Zum Autor
Das Problem der Identität ist, dass man sie sich als das Ergebnis einer
Vergangenheit vorstellt. Dann gibt man sich viel Mühe, ihre Ecken zu schleifen
und die Kanten zu schärfen will man originell sein oder man sagt einfach
nichts Bewegendes, nichts wirklich Anstößiges. Geht es nach dem Status
Quo, stellt man sein Denken ein und lächelt dabei dämlich, spricht
wirres Zeug und lässt sich auf die Schultern klopfen. Kurz, man passt sich
an und wird unsichtbar wie eine Flunder.
Sogar der Zynismus ist mittlerweile Salonfähig. Was ist die Identität?
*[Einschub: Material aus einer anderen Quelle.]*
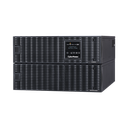 UPS de 8000 VA/ 8000 W, Online Doble Conversión, 200 - 240 Vac de Salida, Terminal Hardwired, Onda Senoidal Pura, Torre o Rack de 6 UR, Con 3 Tomas NEMA L6-30R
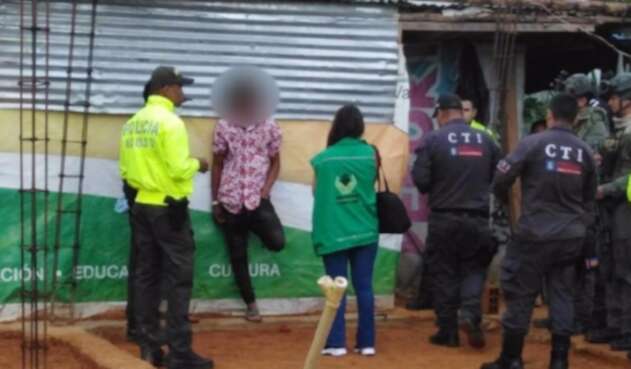 Menor Caso Francia Márquez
Zweifellos kann man ihre Existenz nicht leugnen genauso wenig die Vergangenheit
als einen dazu beitragenden Faktor. Ist es ein Zufall, dass flächendeckende
Unternehmungen stattfinden, die viel versprechende Selbsterfahrungs-, Selbstheilungs-
Selbstfindungsworshops bei Schamanen, Rückführern, Indischen Meistern,
Hausfrauen, Würdenträgern, Agenten usw. anbieten? Wäre das Elend
der Identität nur halb so groß, wäre der Spannungsbogen einfach
zu gering und man würde sein Geld lieber in Marschmelongs, Swimmingpools
und herumplanschende Gummienten investieren oder man sieht seinen Spaß
darin seine Zeit einer Solarzellen-Forschungsanlagen zu widmen.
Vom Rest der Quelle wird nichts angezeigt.